- Opening Delimiter -

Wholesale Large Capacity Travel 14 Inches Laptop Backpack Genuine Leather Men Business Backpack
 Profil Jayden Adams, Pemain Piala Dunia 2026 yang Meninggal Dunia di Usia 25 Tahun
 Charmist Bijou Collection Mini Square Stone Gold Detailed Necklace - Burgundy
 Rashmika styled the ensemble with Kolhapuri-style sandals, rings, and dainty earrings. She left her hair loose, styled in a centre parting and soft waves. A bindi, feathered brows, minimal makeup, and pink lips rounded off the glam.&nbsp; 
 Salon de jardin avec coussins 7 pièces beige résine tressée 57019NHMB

- Closing Delimiter -

**What you have to do**
Taking the entries from their first line through the line with "Charmist Bijou Collection", inclusive, restate each line word for word and give nothing else.

**Output**
Wholesale Large Capacity Travel 14 Inches Laptop Backpack Genuine Leather Men Business Backpack
 Profil Jayden Adams, Pemain Piala Dunia 2026 yang Meninggal Dunia di Usia 25 Tahun
 Charmist Bijou Collection Mini Square Stone Gold Detailed Necklace - Burgundy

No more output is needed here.